## [WHAT YOU SHOULD DO]
Look for the string "Black" in the listing below and copy every line in which it appears.

## [SUPPLIED RECORDS]

■ ■ ■ ■

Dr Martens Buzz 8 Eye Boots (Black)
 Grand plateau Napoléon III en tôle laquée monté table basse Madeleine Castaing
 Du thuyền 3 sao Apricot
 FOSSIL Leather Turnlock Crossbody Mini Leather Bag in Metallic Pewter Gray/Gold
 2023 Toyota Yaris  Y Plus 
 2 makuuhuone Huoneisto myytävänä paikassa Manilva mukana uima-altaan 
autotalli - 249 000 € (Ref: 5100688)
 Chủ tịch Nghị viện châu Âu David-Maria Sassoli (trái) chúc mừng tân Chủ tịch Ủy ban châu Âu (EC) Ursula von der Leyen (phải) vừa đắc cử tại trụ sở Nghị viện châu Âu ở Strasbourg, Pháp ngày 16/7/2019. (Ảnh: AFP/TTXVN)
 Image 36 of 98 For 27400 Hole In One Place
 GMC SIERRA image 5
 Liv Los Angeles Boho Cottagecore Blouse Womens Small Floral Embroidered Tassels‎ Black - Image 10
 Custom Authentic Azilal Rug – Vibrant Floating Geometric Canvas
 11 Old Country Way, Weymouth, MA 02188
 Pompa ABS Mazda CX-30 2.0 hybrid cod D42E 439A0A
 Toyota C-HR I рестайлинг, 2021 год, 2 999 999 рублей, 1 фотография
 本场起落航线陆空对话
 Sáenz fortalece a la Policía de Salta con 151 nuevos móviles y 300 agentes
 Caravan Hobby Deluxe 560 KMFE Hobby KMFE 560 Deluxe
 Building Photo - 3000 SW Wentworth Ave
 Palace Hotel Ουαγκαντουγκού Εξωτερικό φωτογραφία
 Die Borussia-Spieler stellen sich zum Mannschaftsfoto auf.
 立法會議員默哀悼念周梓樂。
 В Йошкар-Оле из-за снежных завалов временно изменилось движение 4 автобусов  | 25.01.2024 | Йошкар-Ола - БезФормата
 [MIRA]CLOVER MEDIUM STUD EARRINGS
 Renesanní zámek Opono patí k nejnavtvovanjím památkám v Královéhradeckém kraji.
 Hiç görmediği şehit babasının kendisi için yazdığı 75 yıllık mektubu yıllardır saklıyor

■ ■ ■ ■

## [OUTPUT FOR THIS EXERCISE]
Dr Martens Buzz 8 Eye Boots (Black)
 Liv Los Angeles Boho Cottagecore Blouse Womens Small Floral Embroidered Tassels‎ Black - Image 10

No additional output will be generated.